Google Play app with 500,000 downloads sent user contacts to Russian server – Ars Technica

A robotic hand tries to activate a smartphone.

An Android app with more than 500,000 downloads from Google Play has been caught hosting malware that surreptitiously sends users’ contacts to an attacker-controlled server and signs up users to pricey subscriptions, a security firm reported.

The app, named Color Message, was still available on Google servers at the time this post was being prepared. Google removed it more than three hours after I asked the company for comment.

Ostensibly, Color Message enhances text messaging by doing things such as adding emojis and blocking junk texts. But according to researchers at Pradeo Security said on Thursday, Color Message contains a family of malware known as Joker, which has infected millions of Android devices in the past.
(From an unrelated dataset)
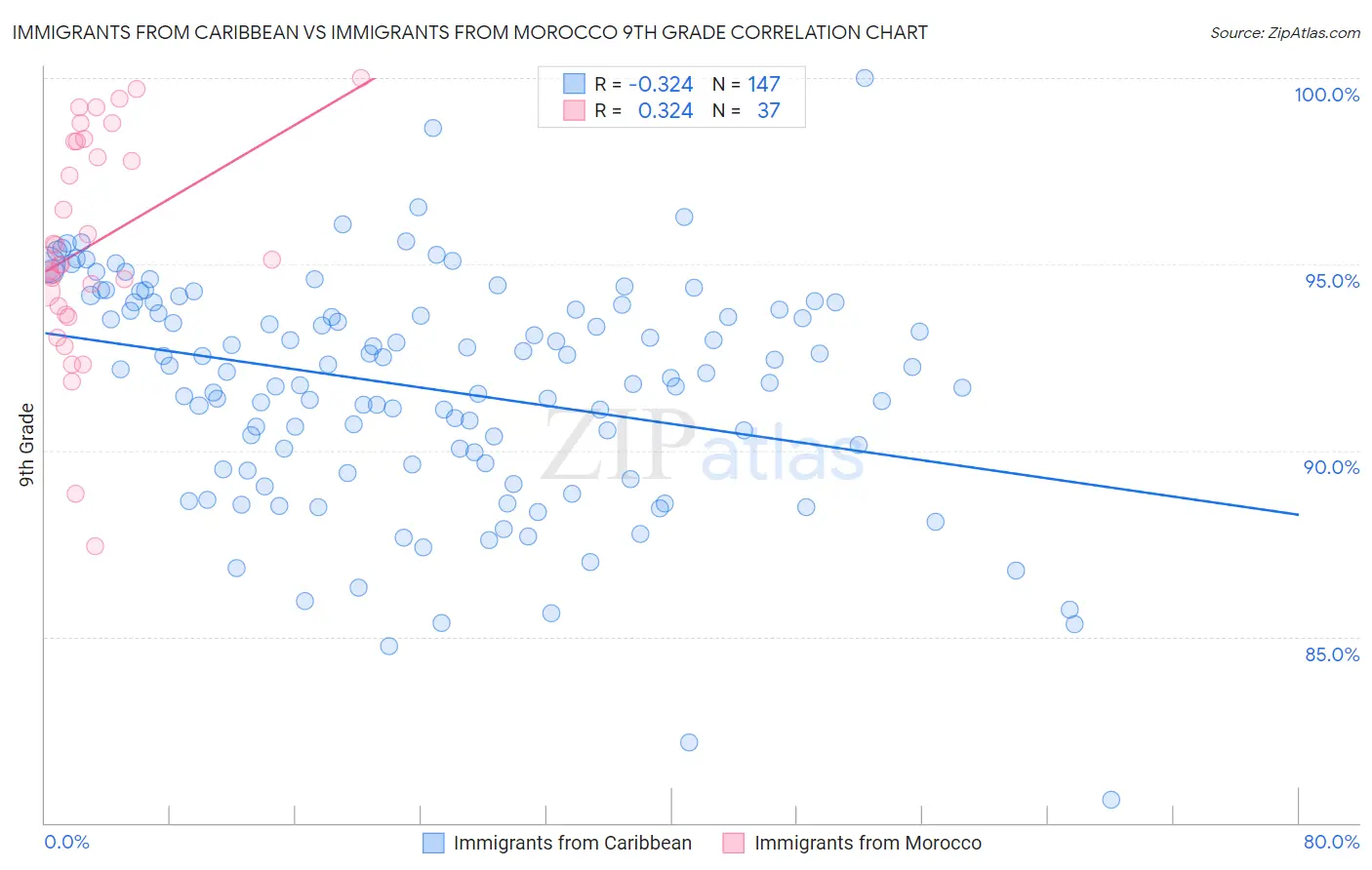 Immigrants from Caribbean vs Immigrants from Morocco 9th Grade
“Our analysis of the Color Message application through the Pradeo Security engine shows that it accesses users’ contact list and exfiltrates it over the network,” the company’s blog post stated. “Simultaneously, the application automatically subscribes to unwanted paid services unbeknownst to users. To make it difficult to be removed, the application has the capability to hide its icon once installed.”

Pradeo’s discovery marks only the latest instance of Google hosting malicious wares that harm users of its Android mobile operating system. While the company scans apps for malware and regularly removes huge numbers of submissions proactively, there’s no shortage of apps Google misses. The frequent reports of rogue apps available through Play tarnishes an otherwise clean security scorecard for the mobile OS, at least as it’s available on Google-developed Pixel devices.

Joker falls into a category of malware known as Fleeceware. It simulates clicks and intercepts text messages in an attempt to surreptitiously subscribe users to paid premium services they never intended to buy. Joker is hard to detect because of the tiny footprint of its code and the techniques its developers use to stash it. Over the past few years, the malware has been found lurking in hundreds of apps downloaded by millions of people.

Besides sending users’ contacts to a server that appears to be located in Russia and subscribing to unwanted services, Color Message also fails to disclose the extent of the actions the app can perform on users’ devices.

As usual, Android users should be circumspect before downloading apps. A good rule of thumb is to download apps only when they provide a true benefit and then to choose ones made by known companies, when possible. People should also read the user reviews to see if there are reports of malice.